Warum sollte Julia keine Schwester haben? Mit der Umdeutung von drei Frauenschicksalen bei Shakespeare zeigt Gertrud Fussenegger, wie verformbar literarische Motive sind. Entstanden sind drei postmoderne Novellen von klassischer Schönheit: "Julias Schwester", "Jessica" und "Ich bin Ophelia".
Rezensionsnotiz zu
Die Zeit, 09.12.1999
Von gedämpften "Altersstil" sei da nichts zu spüren, schreibt Dieter Borchmeyer bewundernd über den jüngsten Novellen-Band der 87jährigen Gertrud Fussenegger, die sich wagemutig an Shakespeares Frauengestalten macht und deren Leben weiterspinnt.
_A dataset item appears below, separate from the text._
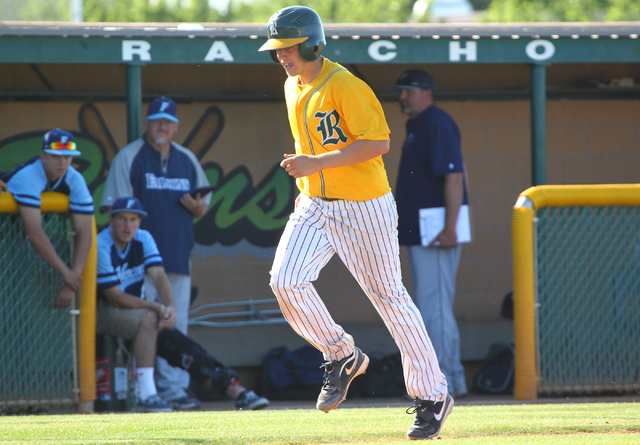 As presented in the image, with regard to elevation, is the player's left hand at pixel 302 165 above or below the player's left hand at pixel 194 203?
below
Die drei Geschichten von Hamlets Ophelia, Shylocks Jessica und und der Schwester von Romeos Julia setzen dort ein, wo die Theaterstücke enden (im Falle von Julias Schwester) oder schreiben Theatergeschichte neu (beim "Kaufmann von Venedig" und "Hamlet"), bewegen sich aber alle "in einem exakt recherchierten historischen Ambiente". Temperamentvoll seien diese Novellen, von epischer Fülle, schreibt Borchmeyer, ein "später Triumph für eine lange totgesagte Gattung."